The numbers of self-employed people in Britain is growing, but they are not saving for their retirement compared to a decade ago, Barnett Waddingham has warned.
Yesterday, the Office for National Statistics published its latest figures on the UK labour market. It showed that the unemployment rate fell to 6.4% in the three months to the end of June and 30.6 million people are now in work.
Examining the figures Barnett Waddingham noted that there were now over 4.5 million self-employed workers in the UK, particularly people working from home.
'But that growth has almost certainly been matched by a worrying trend away from saving for retirement,' said Malcolm McLean, senior consultant at the firm.
'A decade ago two in three self-employed people were saving in a pension; today the proportion is probably under half, based on earlier figures published by ONS.'
McLean said the problem was worse among self-employed women, 'the majority of whom currently appear to have no pension savings at all'.
He said when it came to pension provision for the self-employed, this section of society 'is indeed something of a lost tribe'.

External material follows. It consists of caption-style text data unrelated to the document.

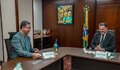 Governador Marcos Rocha participa de reunião com ministro da Agricultura e Pecuária para avançar na produção de alimentos em Rondônia
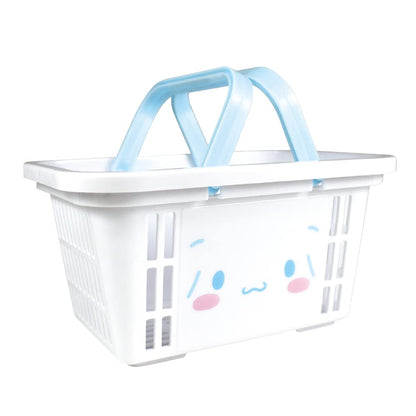 T&S Factory Sanrio Mini Chara Basket Cinnamoroll Japan Face 8.3X16.1X11.5Cm Sr-5542649Cr- Japan Figure Store - #1 Bring To You The Best Japanese Goods
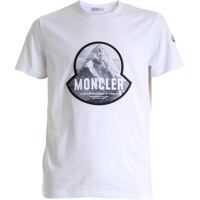 Tricouri Moncler Logo Patch T-Shirt In White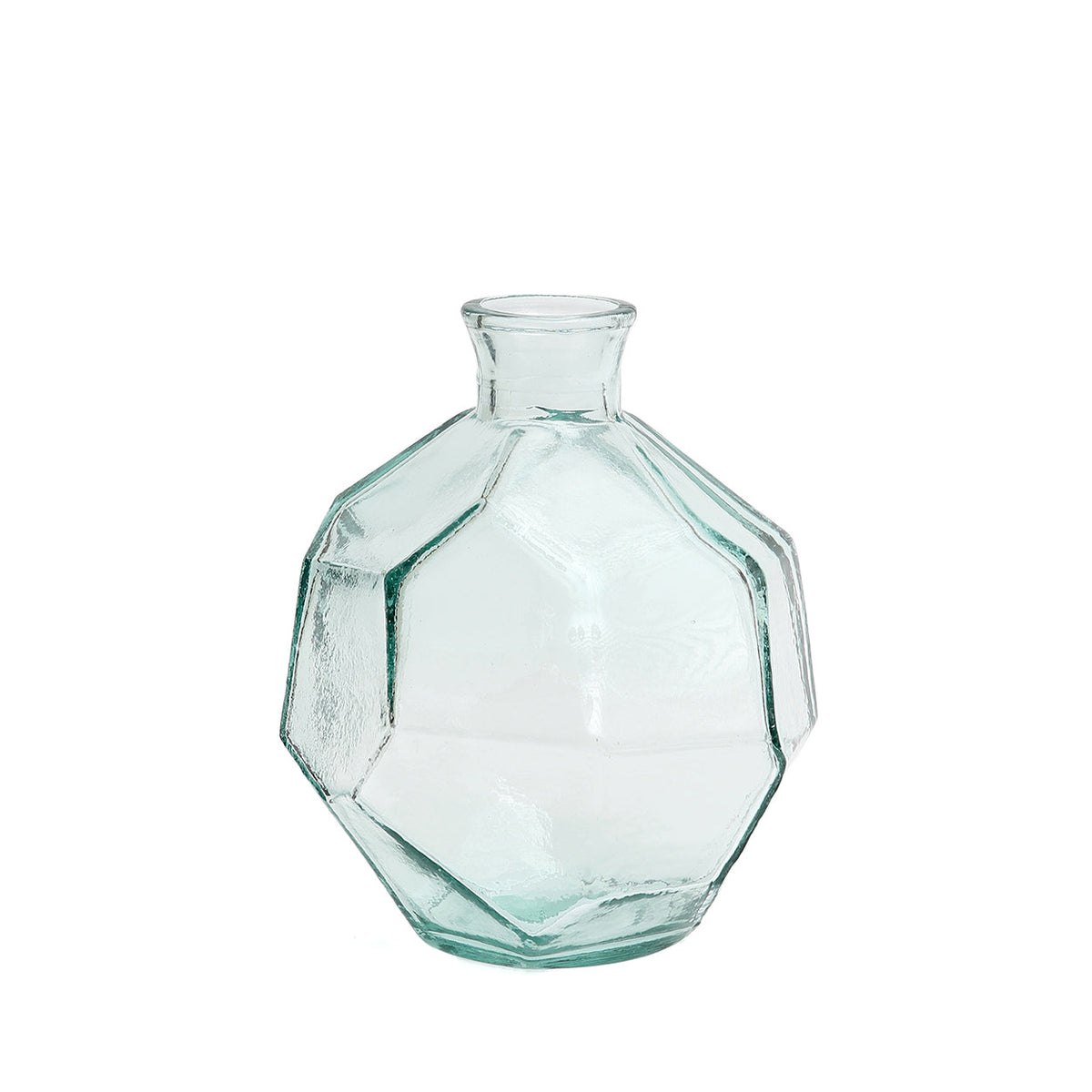 Vaas Round Origami – blauw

'Currently excluded from the state second pension and auto-enrolment, the self-employed are very much on their own in preparing themselves financially for later life,' said McLean.
'Many self-employed people who are earning a lot of money assume they will be well off in retirement, but unless they have a business that they can sell when they stop working, they face poverty in retirement if they do not start planning now.
'We should continue to stress the importance and provide every encouragement to the self-employed to join a pension scheme.'
McLean said the self-employed should ask to be enrolled in arrangements such as the National Employment Savings Trust (NEST) and benefit from tax breaks that the government will provide.